La pregunta me resultó obligada: ¿Cómo es que dicho libro fue a dar a esa librería?
Que el descubrimiento haya tenido lugar en Los Ángeles invariablemente me hizo pensar que la copia es la que en algún momento entregué a mi hijo Juan Pablo, residente por décadas del sur de California.
Quiero pensar en positivo y que en una de esas a mi hijo, a la hora de hacer uno de esos ejercicios de “limpieza” de triques y otros objetos para mudarse a las universidades en las que ha estudiado, “se le fue” el libro dedicado a su padre y en el que además aparece.

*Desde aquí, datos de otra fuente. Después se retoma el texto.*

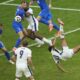 England's Jude Bellingham, right, scores his side's first goal with an overhead kick during a round of sixteen match between England and Slovakia at the Euro 2024 soccer tournament in Gelsenkirchen, Germany, Sunday, June 30, 2024. (AP Photo/Ebrahim Noroozi)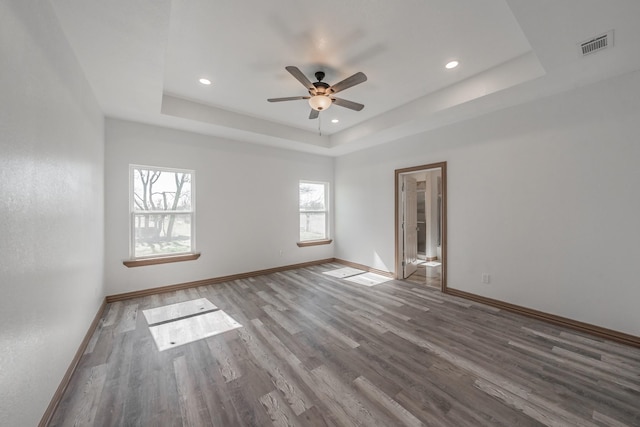 unfurnished room with wood finished floors, a raised ceiling, visible vents, and baseboards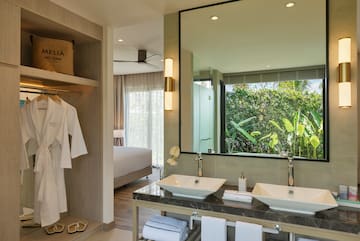 a bathroom with a large mirror and two sinks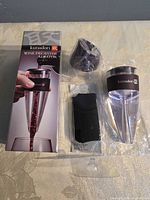 Front of retail box beside unpacked aerator components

La verdad, conociéndolo, no me lo imagino haciendo algo así.
A la que también conozco es a su progenitora, de ahí que me atrevo a pensar que fue ella a la que le valió ahora sí que le valieron “mamita” tanto el libro como el potencial significado que para nuestro hijo en común tenía y decidió venderlo a un comprador de viejo, junto con quién sabe cuántas cosas más, especialmente si se relacionan con su padre.
Lo cierto es que el cosmos se confabuló para que mi Lindberghiano amigo eventualmente lo encontrase en una de sus andanzas en búsqueda de tesoros y me hiciese saber no solamente del hecho sino también que me lo estaría enviando, algo que final y felizmente sucedió.
Curiosa y encontrada emoción la que sentí al comprobar que efectivamente se trataba de la copia que obsequié a mi hijo al que ya informé que eventualmente le volveré a entregar el testarudo documento que pareciera que simple y sencillamente se niega a abandonar nuestra familia.
En cualquier caso que la moraleja es clara: estimados amigos y amigas coleccionistas, tengan cuidado con sus tesoros, no vayan a terminar siendo desechados como si no valiesen nada por parte de sus ex parejas.